Ferrer explained that Pisi’s rebranding from Pisi Mobile to Pisi was a testament to the company’s evolution and growth. “Going forward, it will be known simply as Pisi, with a variety of services under this new identity.”

Ferrer emphasized the company’s dedication to delivering exceptional service to its partners. “We are a B2B company focused on making life easier and simpler for other businesses through technological solutions,” he added.

The rebranding includes the introduction of several new features and innovations.

“We are bringing in payments, a marketplace, enhanced messaging solutions, and we continue to operate as a VAS aggregator,” Ferrer explained.

“Additionally, we are improving our ad tech business services with new solutions to execute campaigns.”

Addressing the expectations that come with the rebranding, Ferrer assured that the company is continuously developing new features and improving its capacities.

“Our goal is to deliver added value to our customers through expanded services and improved infrastructure,” he said.

Ferrer highlighted that the rebranding aligns with the company’s long-term projects. “This marks the beginning of growth and diversification. We started as a VAS aggregator and have since expanded our services to solve existing problems for customers and businesses in Africa,” he stated.

Although the rebranding initiative was internally driven, Ferrer noted that customer feedback channels remain active. “Our team felt the brand needed a refresh to align with our new expectations,” he said.

He added that Pisi’s innovative solutions, including its VAS Aggregation, AdTech Solutions, Messaging Solutions, Telecom Products, Marketplaces, and Payment Solutions, were designed to make life easier for Nigerian businesses.

Pisi new identity
Pisi new logo

Speaking earlier, Bukayo Ewuoso, head of Business Advertising, echoed these sentiments.

He highlighted the motivation behind the rebranding.

“Our partners are evolving, and it’s necessary for us to evolve with them. At the heart of what we do is innovation, and as a technology company, we are always looking to serve our partners better and empower businesses in Africa.”

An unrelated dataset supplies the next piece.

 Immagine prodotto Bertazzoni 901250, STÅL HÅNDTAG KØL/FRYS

The rebranding, which sees the company adopting the name Pisi for various services, aims to introduce new features and solutions.

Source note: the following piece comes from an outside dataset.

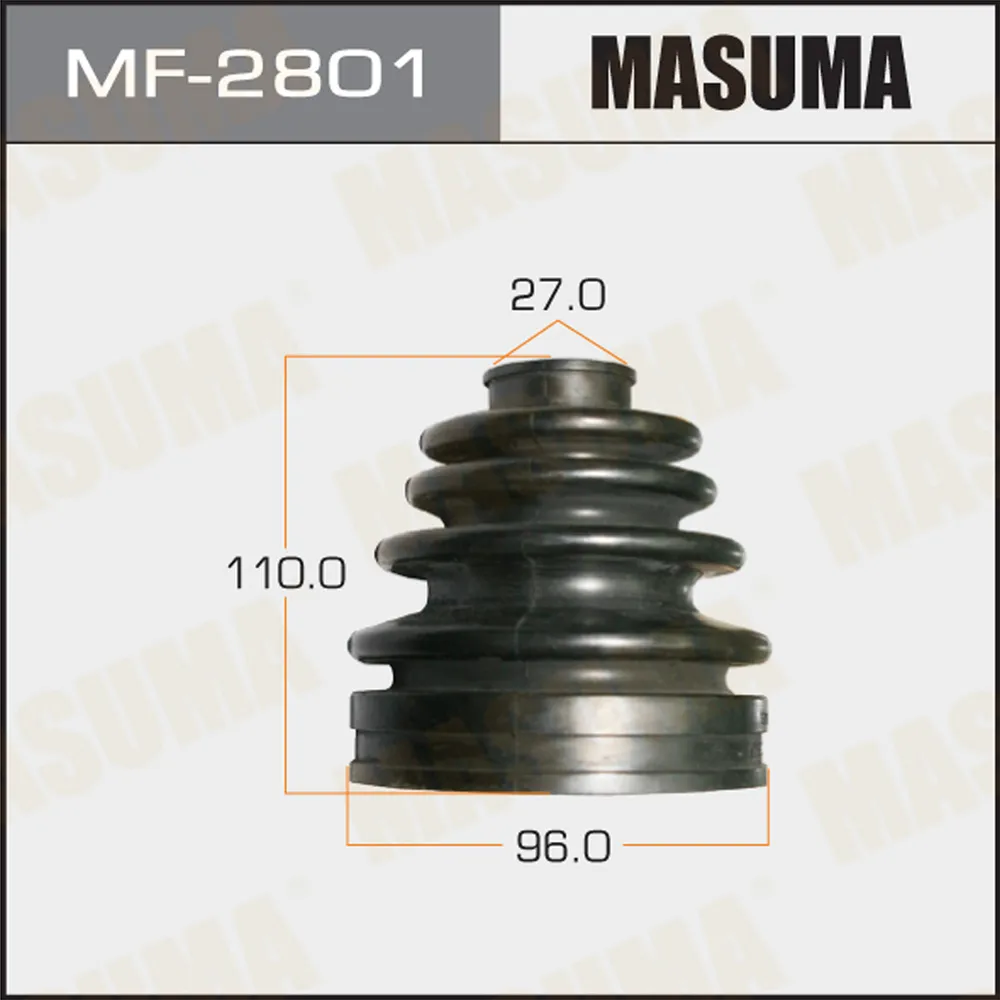 Пыльник ШРУСа TOYOTA LAND CRUISER MASUMA MF-2801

“We’re launching Pisi Advertising Technology, focusing on ad tech, payment solutions in 2025, and Pisi Send, a messaging solution already live for 2024.

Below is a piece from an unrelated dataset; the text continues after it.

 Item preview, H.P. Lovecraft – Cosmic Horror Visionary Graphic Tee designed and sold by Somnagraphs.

“Additionally, we’re introducing a Marketplace in 2025 to enable users to buy airtime, pay bills, and more.”

During the user research phase, the need for trustworthy, locally tailored solutions was evident. “We went back to the drawing board to test and improve our products. Whether it’s from a B2B or B2C perspective, we aim to cut down steps and increase success rates,” Ewuoso stated.

He further addressed the specifics of the rebranding, noting that while there will be changes to the logo and name, the core expansion of business solutions is the focus.

“We will be known as Pisi, encompassing several solutions like Pisi Mobile for aggregation, Pisi Ads for ad tech, Pisi Max for marketplace utilities, and Pisi pay for payment solutions.”

The rebranding is designed to cater to the diverse needs of their B2B target audience, including lifestyle, luxury, healthcare, and education sectors.

Pisi new identity

Ewuoso emphasized the significant market potential in Nigeria with 104 million mobile users and a 90% mobile penetration rate. “Our solutions aim to reach those without internet access and add value through mobile subscriptions.”

Addressing the dynamics of the VaaS market, Ewuoso also reassured that despite evolving consumer behavior and economic realities, partnerships remain strong and valuable.

“The industry is growing, and we continue to add value to end-users,” he concluded.

The event was attended by business leaders, innovators, and stakeholders in the Nigerian technology ecosystem.

In his remarks, a guest at the event commended Pisi for its commitment to empowering Nigerian businesses.

“Pisi’s new brand identity is a testament to the power of Nigerian ingenuity and determination,” he said.

The event featured a showcase of Pisi’s innovative solutions, as well as a presentation on the company’s vision and mission.